En plus du manque d’effectifs et du volume élevé de demandes, l’un des défis auxquels font face les responsables de traiter les demandes d’accès concerne la complexité ou le caractère trop vague de celles-ci. Or, la loi stipule que leur rôle est d’accompagner les demandeurs pour préciser et clarifier leurs requêtes. Peut-être que de prendre un peu de temps, au moment de recevoir la demande, pour clarifier celle-ci, pourrait réduire le délai de son traitement?
Parmi ses recommandations, la Commission encourage la diffusion proactive de documents, surtout ceux qui sont régulièrement demandés: en effet, cela aurait pour effet de diminuer le nombre de demandes à la source. Elle suggère aussi la mise en place de politiques qui auraient pour effet de clarifier les rôles et responsabilités de chaque intervenant impliqué dans le processus d’accès à l’information, mais aussi de moderniser leurs pratiques.

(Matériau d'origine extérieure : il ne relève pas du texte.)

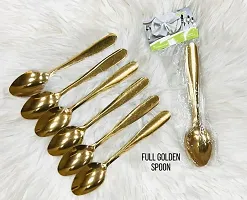 Useful Metal Golden Engraving Spoons- 6 Pieces-thumb2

Enfin, la CAI demande au gouvernement de modifier la loi, notamment en lui donnant plus de mordant afin de forcer la main aux organisations; celles-ci devraient être tenues de rendre davantage de comptes quant au traitement qu’elles font des demandes d’accès à l’information. La loi devrait par ailleurs être plus sévère face aux organisations fautives, qui ne répondent pas aux demandes ou qui ne respectent pas les délais sans justification. Rappelons qu’actuellement, des amendes sont prévues dans la législation, mais n’ont jamais été appliquées.
Certains des constats et propositions émis par la CAI se retrouvent dans mon essai Privé de sens (cité en bibliographie du rapport), qui soufflera une bougie dans quelques jours; en fait, il y a peu de nouveau dans ces conclusions, puisqu’il y a des années que des changements auraient dû être apportés à la Loi sur l’accès aux documents des organismes publics et sur la protection des renseignements personnels afin de la rendre plus coercitive.
Si aucune conséquence n’est imposée aux organisations les moins transparentes et les plus réfractaires à la transmission d’information, pourquoi celles-ci changeraient-elles leurs pratiques?
On continue de voir régulièrement des aberrations dans les médias; tout juste récemment, on a appris que la Société des Transports de Montréal avait tout tenté, y compris d’aller devant un juge, pour empêcher le dévoilement d’une étude, qui était déjà disponible en ligne..
Il est impossible de penser qu’une éventuelle refonte (qu’on espère désormais sous la gouverne du nouveau ministre responsable Jean-François Roberge dont, ironiquement, l’ancien ministère, soit celui de l’Éducation, figure parmi les cancres en matières d’accès à l’information) sera efficace si un changement de mentalité ne s’opère pas non plus au sein des organisations.
L’information, si elle est d’intérêt public et qu’elle ne compromet ni la sécurité publique, ni des négociations ni la confidentialité de certains dossiers, devrait de facto être divulguée. Il est temps que la chasse gardée du savoir, pour conserver entre ces mains un quelconque pouvoir (je dirais plutôt une apparence de pouvoir), cesse.
Lors de la création de la loi et de son entrée en vigueur, il y a quarante ans et trois semaines exactement, l’esprit derrière cette législation était d’informer la population pour en faire des citoyens plus éclairés, plus informés et donc plus actifs au sein de la société. Les pères de la loi croyaient que celle-ci serait tellement efficace qu’elle deviendrait naturellement inutile une fois la transparence quasi-totale accomplie.
Or, force est d’admettre que dès ses premiers balbutiements, la loi a été pervertie; son sens, réinterprété de mille et une façons, plus souvent qu’autrement pour retenir l’information au lieu de la partager.
Après quatre décennies, il est temps que ça change.